When constructing the Lebesgue measure on $\mathbb{R}$, it is shown that the sets that satisfy the caratheodory criterion form a sigma-algebra (the Lebesgue sigma-algebra), and also that the countable additivity of the Lebesgue outer measure is satified on this sigma-algebra.
But is the caratheodory necessary?
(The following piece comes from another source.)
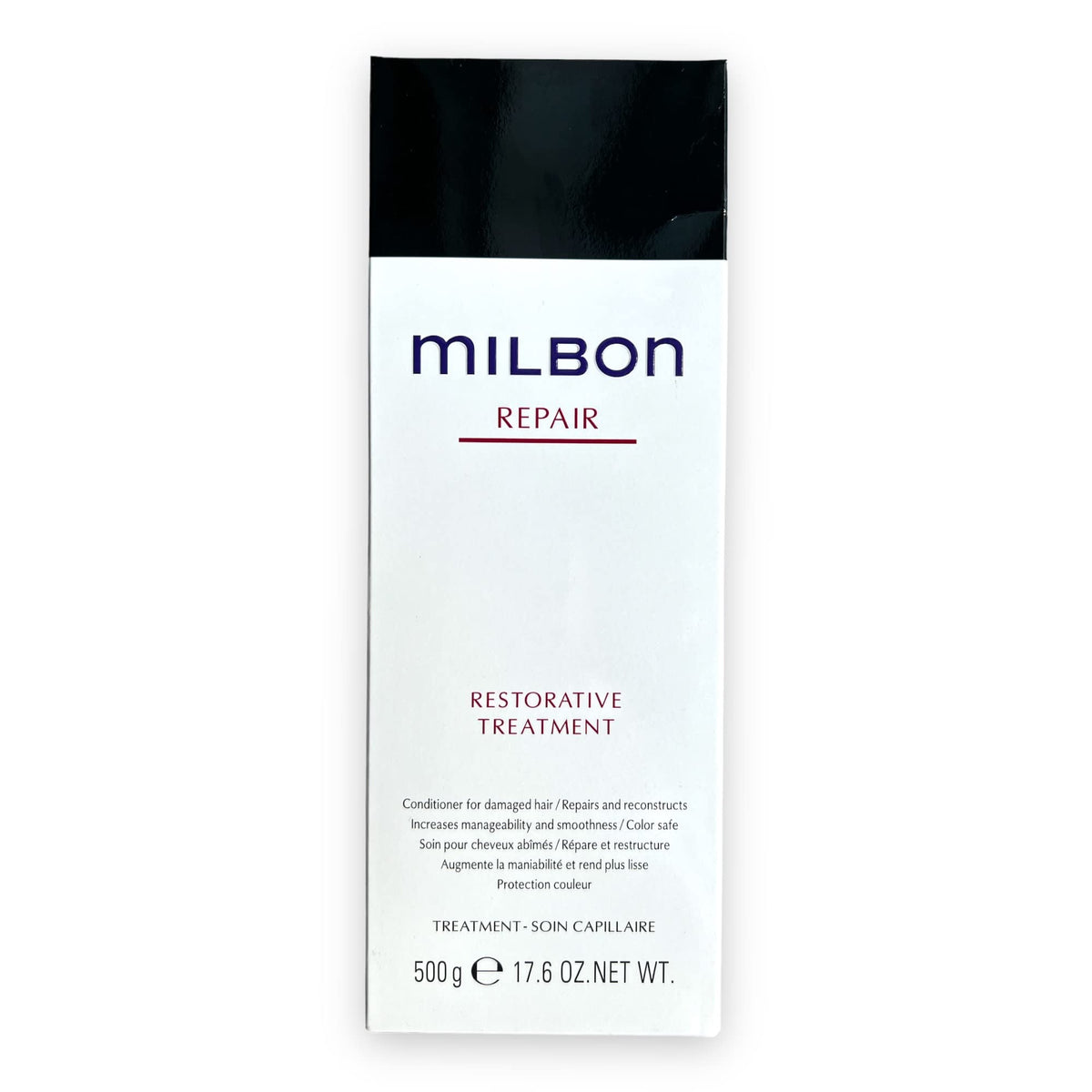 Milbon front packaging of 17.6 oz restorative conditioner showing label and size benefit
That is, could there be a bigger sigma-algebra, or another sigma-algebra not comparable with the Lebesgue sigma-algebra, where the caratheodory criterion is not satisfied by all the sets, but countable additivity still holds?
Let $\mathcal{B}$ be the Borel $\sigma$-algebra on $\mathbb{R}$, let $\Lambda$ be the Lebesgue $\sigma$-algebra on $\mathbb{R}$ and let $m^*$ be the Lebesgue outer measure define on $P(\mathbb{R})$. We know that: $\mathcal{B}\subseteq \Lambda$ and $m^*$ restricted to $\Lambda$ is countably additive.
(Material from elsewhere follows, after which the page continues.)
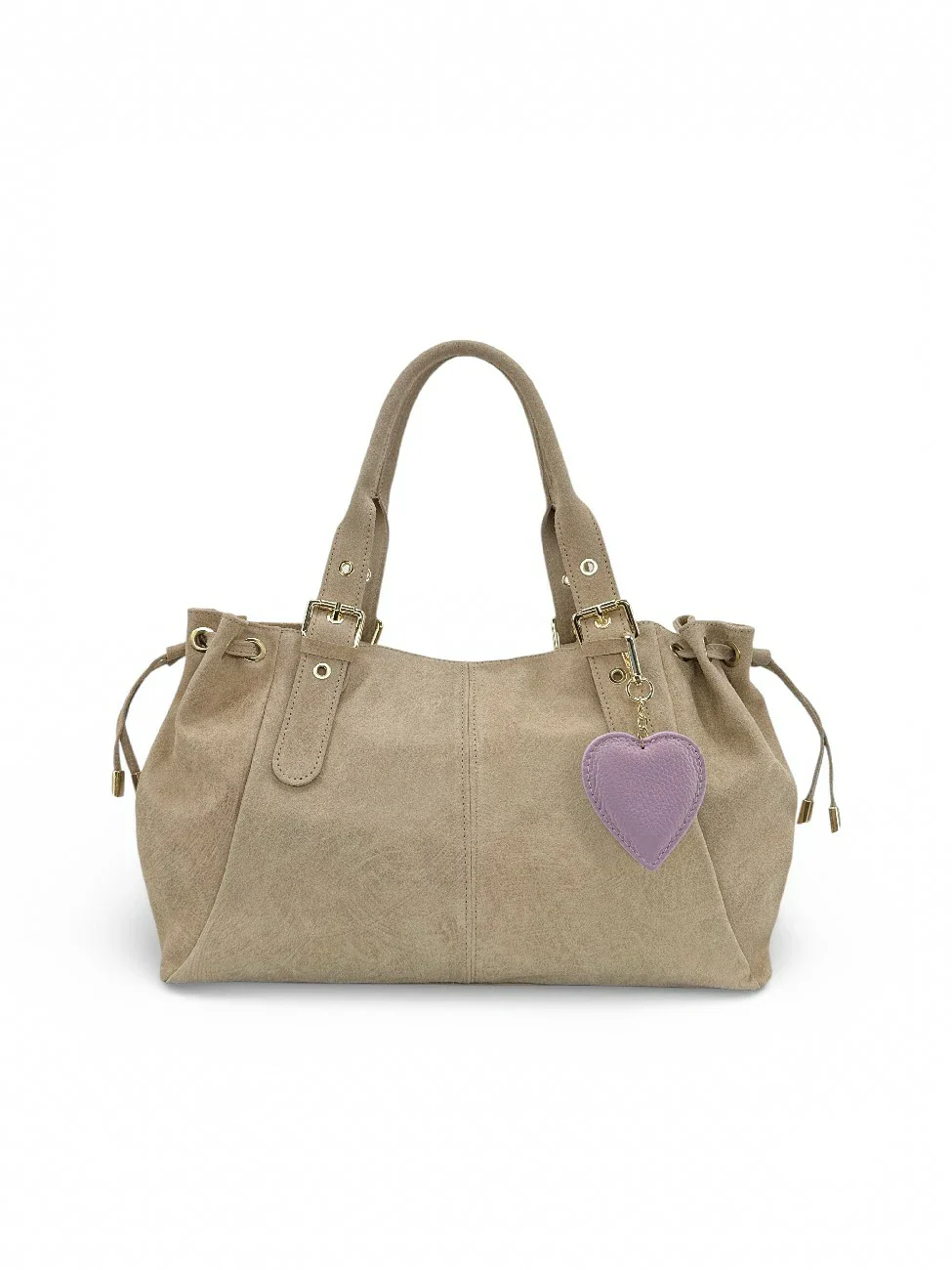 Porte-clés en cuir grainé COEUR Lilas - Image 2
Claim: Let $\Sigma$ be a $\sigma$-algebra on $\mathbb{R}$. Suppose all intervals are in $\Sigma$ and $\Sigma \nsubseteq \Lambda$, then $m^*$ is not additive on $\Sigma$.
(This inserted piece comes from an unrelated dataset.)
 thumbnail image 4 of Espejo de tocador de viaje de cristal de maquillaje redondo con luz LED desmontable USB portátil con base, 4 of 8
Proof: Since all intervals are in $\Sigma$ and $\Sigma$ is a $\sigma$-algebra, we have that $\mathcal{B} \subseteq \Sigma$.
Since $\Sigma \nsubseteq \Lambda$, there $E\in \Sigma$ such that $E\notin \Lambda$. Now consider such $E$. Since $E\notin \Lambda$, there is $A\in P(\mathbb{R})$ such that $$ m^*(A) < m^*(A\cap E) + m^*(A\cap E^c)$$ In particular, $ m^*(A) < +\infty$. So there is a Borel measurable cover of $A$, that is: $B\in \mathcal{B}$ such that $A\subseteq B$ and $m^*(B)=m^*(A)$. So, we have: $$m^*(B)= m^*(A) < m^*(A\cap E) + m^*(A\cap E^c) \leqslant m^*(B\cap E) + m^*(B\cap E^c) \tag{1}$$ (since $A\cap E \subseteq B \cap E$, by $m^*$ monotonicity, we have $m^*(A\cap E) \leqslant m^*(B\cap E)$. In a similar way, we have we have $m^*(A\cap E^c) \leqslant m^*(B\cap E^c)$).
Since $B\in \mathcal{B}\subseteq \Sigma$, $E\in \Sigma$, we have that $ B\cap E \in \Sigma$ and $B\cap E^c \in \Sigma$. Note that $(B\cap E) \cap (B\cap E^c)=\emptyset$ and $B=(B\cap E) \cup (B\cap E^c)$. But, from $(1)$, we have $$m^*(B)< m^*(B\cap E) + m^*(B\cap E^c) $$ So $m^*$ is not additive on $\Sigma$.
Conclusion: If $\Sigma$ is a $\sigma$-algebra on $\mathbb{R}$ such that all intervals are in $\Sigma$ and $m^*$ is additive on $\Sigma$ then $\Sigma \subseteq \Lambda$.
Remark 1: The same proof above works if $\Sigma$ contains any family of set that generates $\mathcal{B}$, the Borel $\sigma$-algebra. For instance, the family of open intervals or the family of closed intervals, etc..
Remark 2: If $\mathcal{B} \nsubseteq \Sigma$ then it is easy to build an exemple of a $\sigma$-algebra $\Sigma$ such that $ \Sigma \nsubseteq \Lambda$ and $m^*$ is countably additive on $\Sigma$. In fact, let $E \subseteq \mathbb{R}$ such that $E \notin \Lambda$ ($E$ is not Lebesgue measurable). Let $$\Sigma=\{\emptyset, E, E^c, \mathbb{R}\}$$ then $\Sigma$ is a $\sigma$-algebra, $ \Sigma \nsubseteq \Lambda$ and $m^*$ is countably additive on $\Sigma$.
Answering the questions:
If you are considering $\sigma$-algebras that contain the set of all intervals (or equivalently, contain $\mathcal{B}$), the answer is YES. Otherwise, the answer is NO.
NO. Any $\sigma$-algebra $\Sigma$ strictly bigger than Lebesgue $\sigma$-algebra, contains the set of all intervals and according to Claim, $m^*$ is not additive on $\Sigma$.
If you are considering $\sigma$-algebras that contain the set of all intervals (or equivalently, contain $\mathcal{B}$), the answer is NO (see Claim above).
If you are considering any $\sigma$-algebra (not necessarily containing the set of all intervals) then the answer is YES, and the example is rather trivial (see Remark 2 above).